### Work item
Your copy should match the entries below exactly, apart from the images.

### Record excerpts
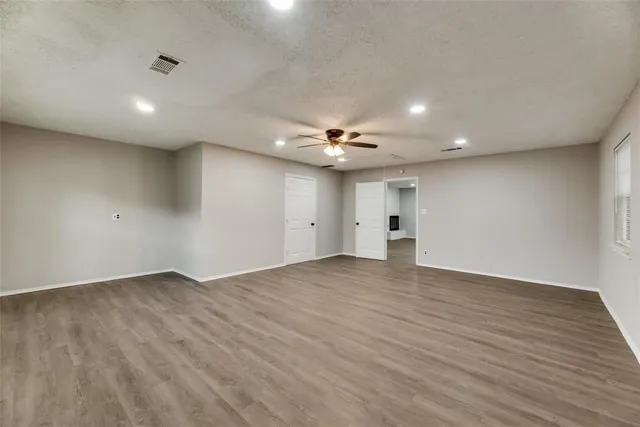 a view of an empty room with wooden floor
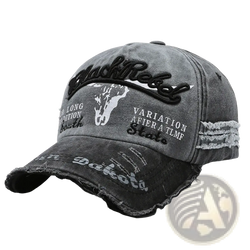 Distressed vintage embroidered baseball cap in gray denim with black and white skull graphic and frayed edges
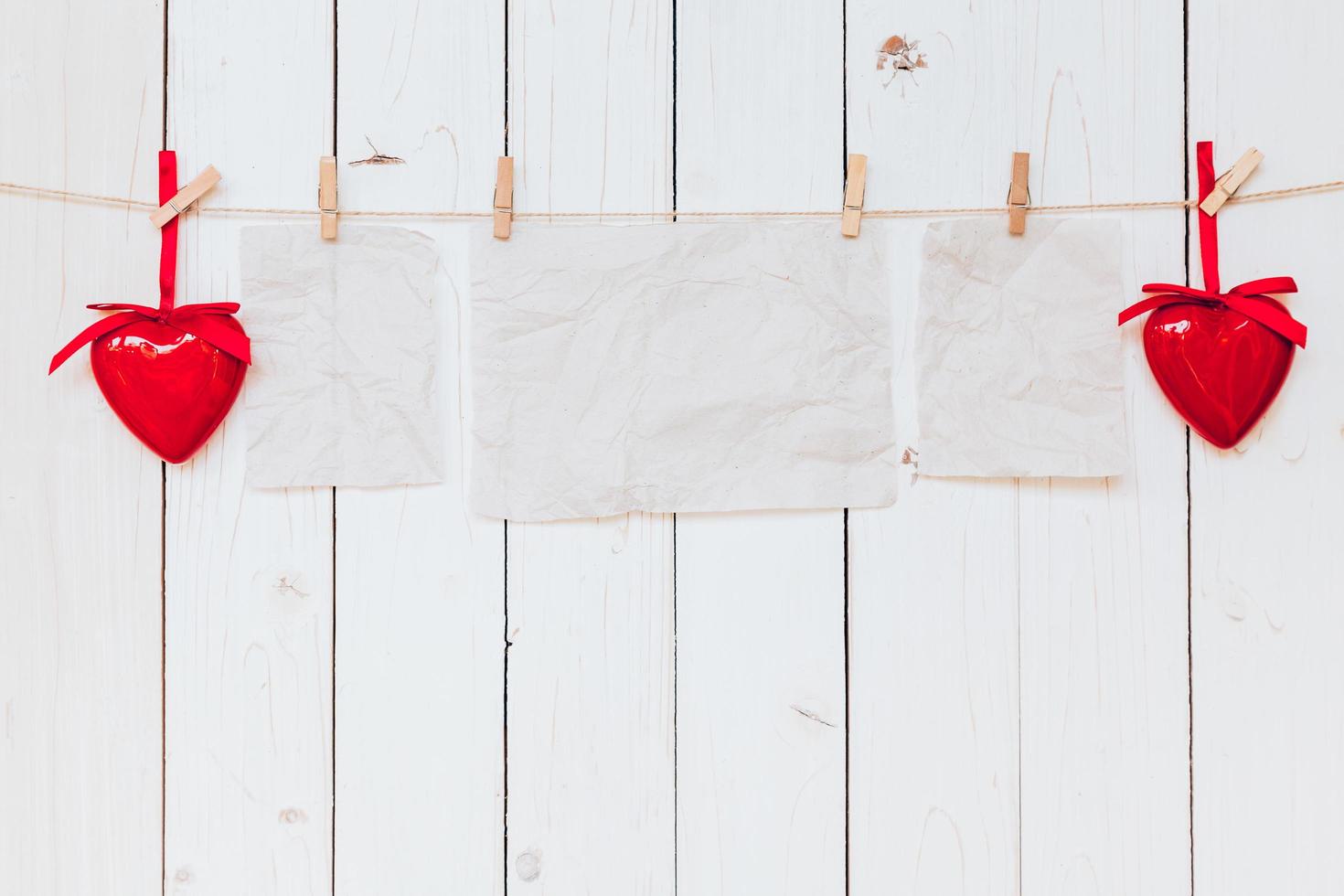 rojo corazón y antiguo papel blanco colgando a tendedero en madera blanco antecedentes con espacio. enamorado día. foto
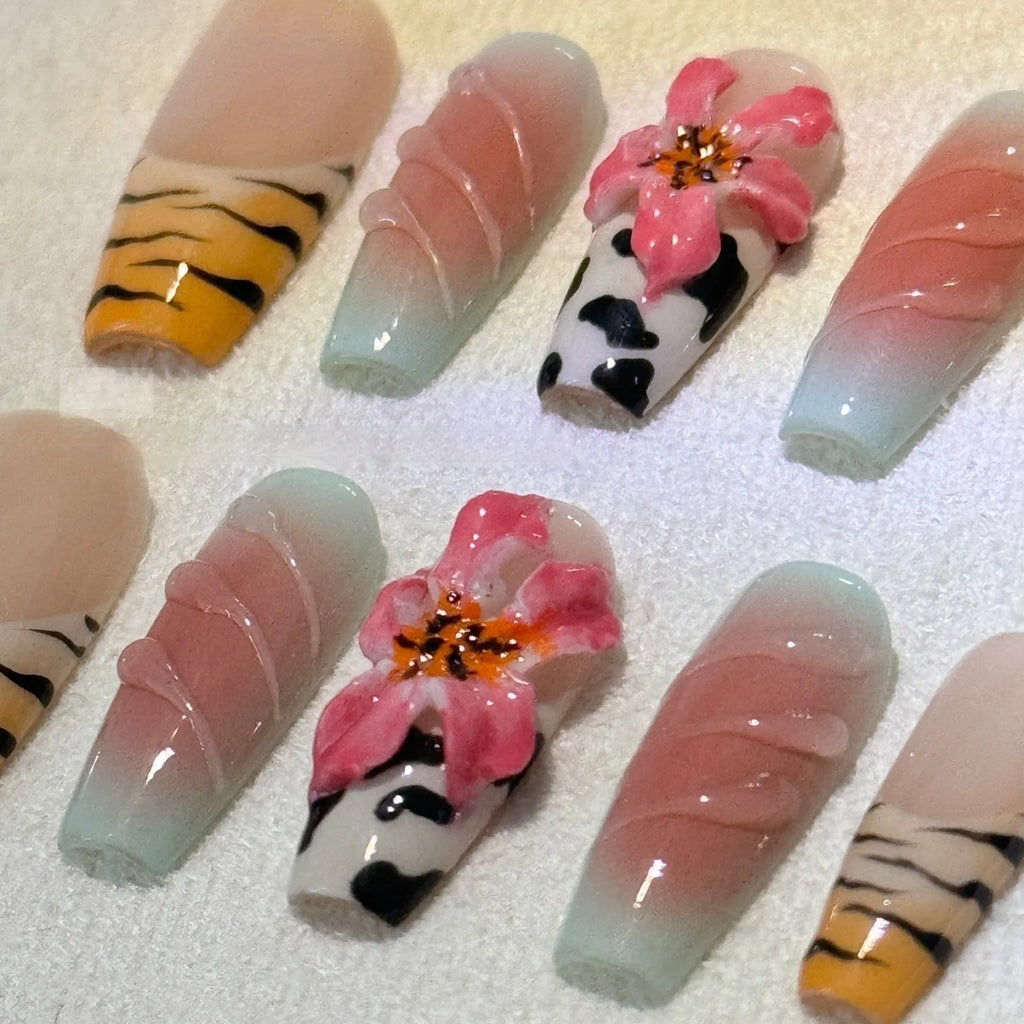 Close-up of hand-carved acrylic press-on nails with a Lily zebra pattern, floral, and leopard print design.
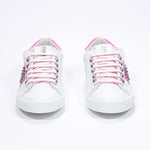 Front view of low top white and neon pink sneaker. Full leather upper with studs and white rubber sole.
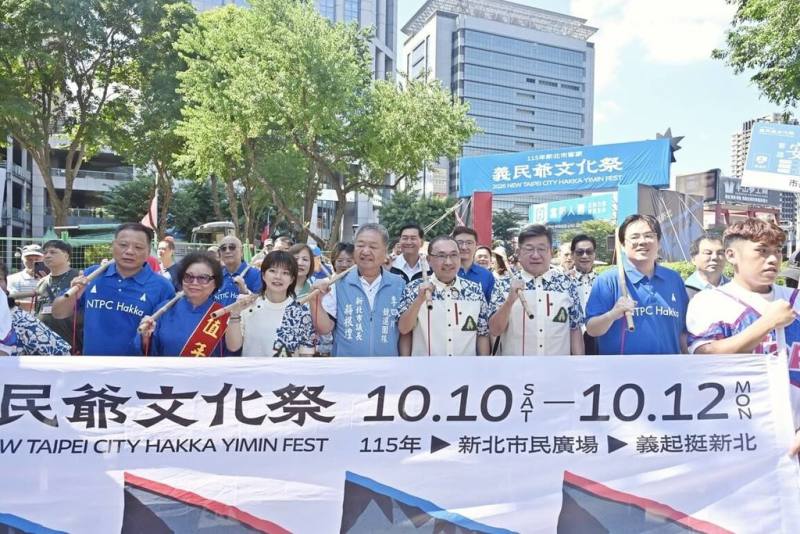 新北市長侯友宜（前右4）與新北市議會議長蔣根煌（前左4）、副議長陳鴻源（前右3）等人11日出席客家義民爺文化祭活動，參與挑擔奉飯創意踩街，共同挑起飯擔。（市府提供）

### Output for this task
 a view of an empty room with wooden floor
 Distressed vintage embroidered baseball cap in gray denim with black and white skull graphic and frayed edges
 rojo corazón y antiguo papel blanco colgando a tendedero en madera blanco antecedentes con espacio. enamorado día. foto
 Close-up of hand-carved acrylic press-on nails with a Lily zebra pattern, floral, and leopard print design.
 Front view of low top white and neon pink sneaker. Full leather upper with studs and white rubber sole.
 新北市長侯友宜（前右4）與新北市議會議長蔣根煌（前左4）、副議長陳鴻源（前右3）等人11日出席客家義民爺文化祭活動，參與挑擔奉飯創意踩街，共同挑起飯擔。（市府提供）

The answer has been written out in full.